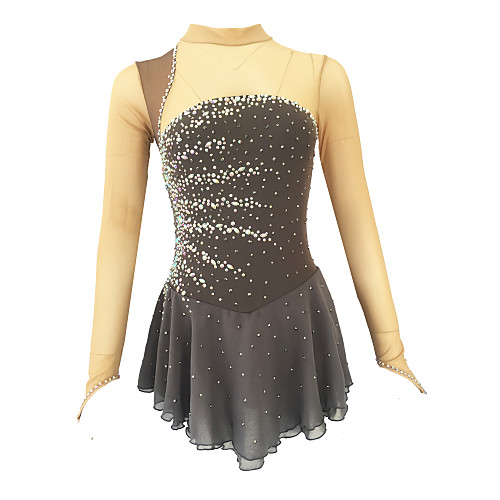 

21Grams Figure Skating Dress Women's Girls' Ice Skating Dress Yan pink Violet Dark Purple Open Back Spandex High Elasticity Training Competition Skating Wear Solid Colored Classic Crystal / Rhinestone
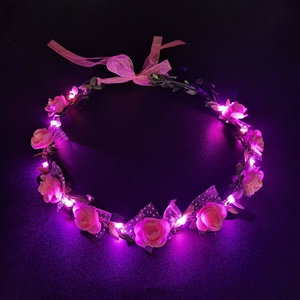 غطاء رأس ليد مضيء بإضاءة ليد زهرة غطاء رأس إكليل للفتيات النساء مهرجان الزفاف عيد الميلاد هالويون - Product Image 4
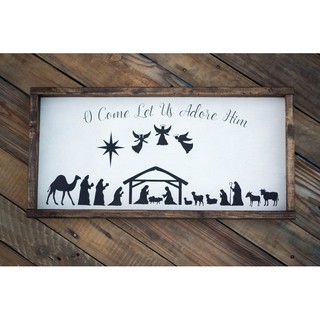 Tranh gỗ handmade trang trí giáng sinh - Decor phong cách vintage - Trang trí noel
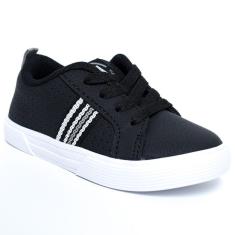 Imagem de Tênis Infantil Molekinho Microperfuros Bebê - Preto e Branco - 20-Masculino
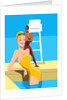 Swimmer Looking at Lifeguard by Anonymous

_What you will do_.
Starting with the line that has "Tranh gỗ handmade" and ending with the last line of the records, retype every line exactly and only those lines. Do not include the pictures.

_Your response_.
 Tranh gỗ handmade trang trí giáng sinh - Decor phong cách vintage - Trang trí noel
 Imagem de Tênis Infantil Molekinho Microperfuros Bebê - Preto e Branco - 20-Masculino
 Swimmer Looking at Lifeguard by Anonymous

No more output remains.